We want to contribute to the development of regional infrastructure and in doing so establish a wider gateway to Serbia and the Balkans as a whole for innovative arts and cultural regeneration practice.

We see a future time where the GLOB-SMS consortium is able to demonstrate significant growth in its tourist derived income, its economic activity from its cultural sector and a burgeoning creative industries sub-sector who are rooted in the communities, traditions and folklore of the GLOB-SMS consortium. We see the GLOB-SMS Consortium branching out to wider national and international market places and in doing so, demonstrating that the future of economic regeneration is dependent on a lively innovative and generative creative sector.

We see the GLOB-SMS Consortium removing their dependence on the presence of single regional or capital city, but that they take their energy, initiative and spirit of development from the communities and spaces on the periphery of those cities.

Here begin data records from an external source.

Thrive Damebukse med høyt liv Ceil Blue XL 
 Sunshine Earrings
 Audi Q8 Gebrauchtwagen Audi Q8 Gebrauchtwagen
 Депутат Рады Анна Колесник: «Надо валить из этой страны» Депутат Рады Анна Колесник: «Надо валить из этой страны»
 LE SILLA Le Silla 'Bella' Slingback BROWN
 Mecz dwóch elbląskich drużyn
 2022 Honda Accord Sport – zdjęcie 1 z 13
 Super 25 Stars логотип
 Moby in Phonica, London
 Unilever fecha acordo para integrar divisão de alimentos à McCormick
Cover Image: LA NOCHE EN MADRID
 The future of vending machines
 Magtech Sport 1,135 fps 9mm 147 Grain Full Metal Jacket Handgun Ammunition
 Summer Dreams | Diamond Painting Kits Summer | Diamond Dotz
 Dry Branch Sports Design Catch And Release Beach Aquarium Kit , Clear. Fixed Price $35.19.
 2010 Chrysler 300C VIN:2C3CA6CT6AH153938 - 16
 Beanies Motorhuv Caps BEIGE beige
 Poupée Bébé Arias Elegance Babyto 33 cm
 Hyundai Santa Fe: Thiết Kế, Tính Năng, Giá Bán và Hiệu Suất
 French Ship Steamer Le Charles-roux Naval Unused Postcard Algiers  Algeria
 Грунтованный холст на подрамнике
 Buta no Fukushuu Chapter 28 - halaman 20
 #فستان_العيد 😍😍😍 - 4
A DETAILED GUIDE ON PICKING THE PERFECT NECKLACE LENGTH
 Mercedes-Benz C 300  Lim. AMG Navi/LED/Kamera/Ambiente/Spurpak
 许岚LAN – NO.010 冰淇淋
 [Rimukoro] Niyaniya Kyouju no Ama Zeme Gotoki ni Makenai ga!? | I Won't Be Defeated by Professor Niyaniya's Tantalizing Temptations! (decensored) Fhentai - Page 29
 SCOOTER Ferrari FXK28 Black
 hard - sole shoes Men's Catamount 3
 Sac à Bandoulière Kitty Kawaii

We see the GLOB-SMS consortium demonstrating that the creative city has reached the end of its conceptual lifetime. We argue that it is the creative networked communities of those communities ‘on the edge’ which will provide the lead, inspiration and vision for the development of culture for the next 20 years.

PASCO: animating communities through the creative industries (future possibilities)

 The PASCO (Performing Arts Scene in Obrenovac) project has had significant effects on the cultural infrastructure in the Obrenovac municipality since the project started in 2009. Due to generous support both locally, Buskerud County in Norway and the KS funding programme of the Norwegian government, PASCO has had demonstrable economic, cultural and social impact on the region. The Aspire Trust, together with its Serbian and Norwegian partners had a critical role to play and this post discusses what could be provided in the short term in order to maintain the project momentum and continue to build cultural capacity.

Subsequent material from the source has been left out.